El mapa y el territorio

En el tambaleo de la derrota electoral de 2015 y tratando de hacer equilibrio en la búsqueda de respuestas, se escuchaba mucho dentro del peronismo ensayar una teoría: “Mientras nosotros nos ocupamos de la arenga identitaria del acto del 25 de mayo, Marcos Peña te toca el timbre de tu casa y te regala la segunda temporada de la serie que terminaste anoche en Netflix”.

El 22 de noviembre, Mauricio Macri le ganó el ballotage a Daniel Scioli y la Argentina creyó encontrar una epifanía. La política, los consultores, los sociólogos, los encuestadores, los analistas, incluso la militancia, atravesó un periodo de hipervalorización del 3.0, el big data, la microsegmentación, los trolls, los bots, el manejo de bases de datos y -por lo bajo- las estrategias de manipulación de comportamientos. Corrimos detrás de la urgencia de entender procesos nuevos y nos convencimos de que los más audaces de la comunicación política eran los que habían entendido que el proceso es individualista -personalismo en los dos polos del mensaje- y que el poder real lo tienen los dueños de nuestras huellas cibernéticas.

Pero llegaron las PASO de este año y ¿que pasó? Ganó la realidad material. El mismo tambaleo de la derrota electoral se sintió del otro lado y empieza a resonar en los análisis oficialistas la versión opuesta: “Creímos que se podía digitar todo desde una oficina digital y nos olvidamos del peso del territorio”.

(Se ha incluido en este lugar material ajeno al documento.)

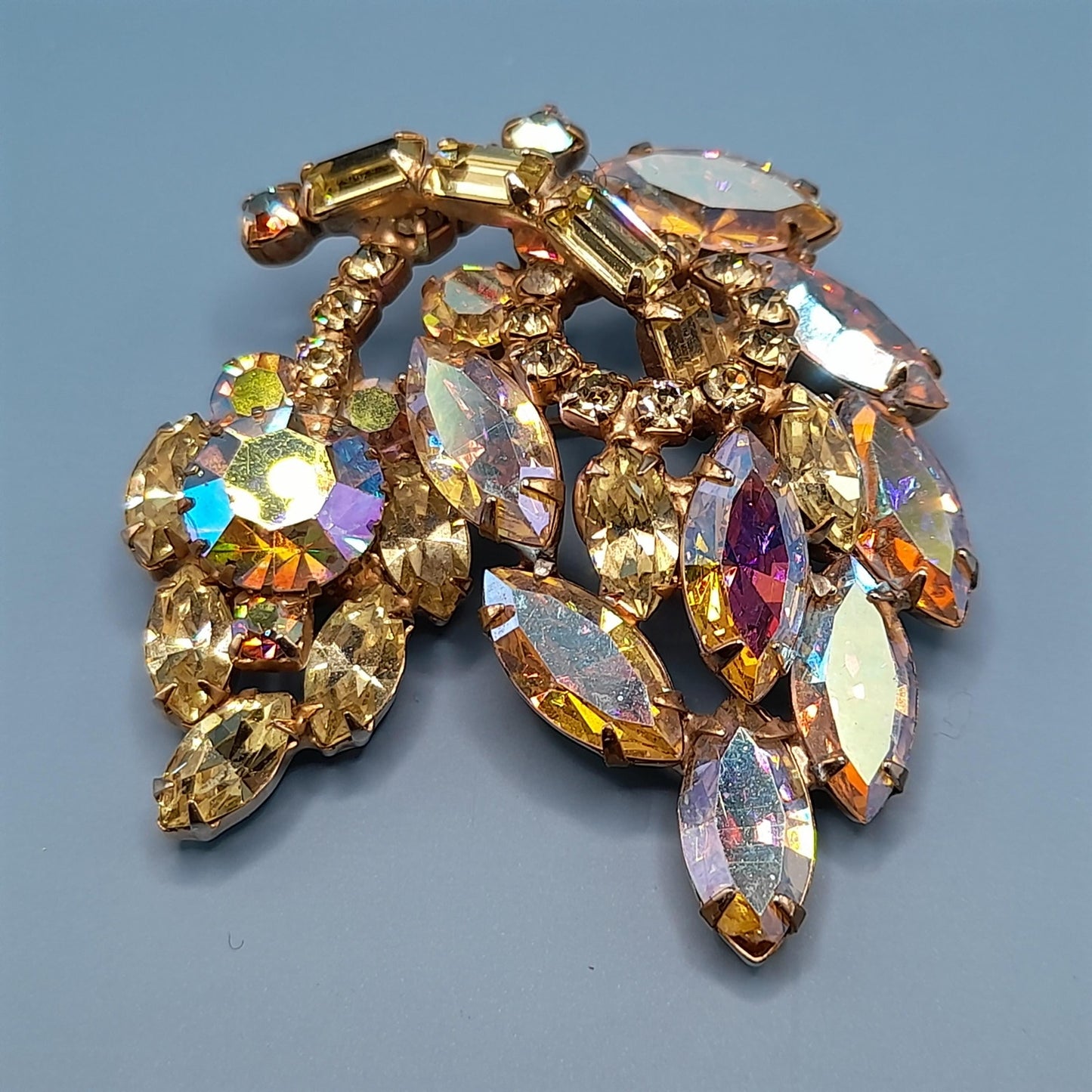 Weiss 1950s Aurora Borealis Rhinestone Leaf Brooch – Gold Tone Mid-Century Design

El big data, el thick data, la predicción de comportamientos, son herramientas que llegaron para quedarse y que, bien usadas, abrirán puertas infinitas. El impacto es inmenso y el entramado de poder se transforma -como en todos los periodos de la historia del mundo-, pero no son más que eso: herramientas. Y por más importantes que sean las formas... las formas sin contenido caducan rápido.
La moraleja es ridículamente simple: para hacer política, lo único que no se puede dejar nunca de lado, es la política.